→ **DATA EXTRACT**:
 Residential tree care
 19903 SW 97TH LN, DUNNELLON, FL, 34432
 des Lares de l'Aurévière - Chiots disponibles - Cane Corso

→ **WHAT THE EXERCISE ASKS**:
Set the data down again in full. Keep it exact.

→ **SOLUTION FOR THIS PROBLEM**:
 Residential tree care
 19903 SW 97TH LN, DUNNELLON, FL, 34432
 des Lares de l'Aurévière - Chiots disponibles - Cane Corso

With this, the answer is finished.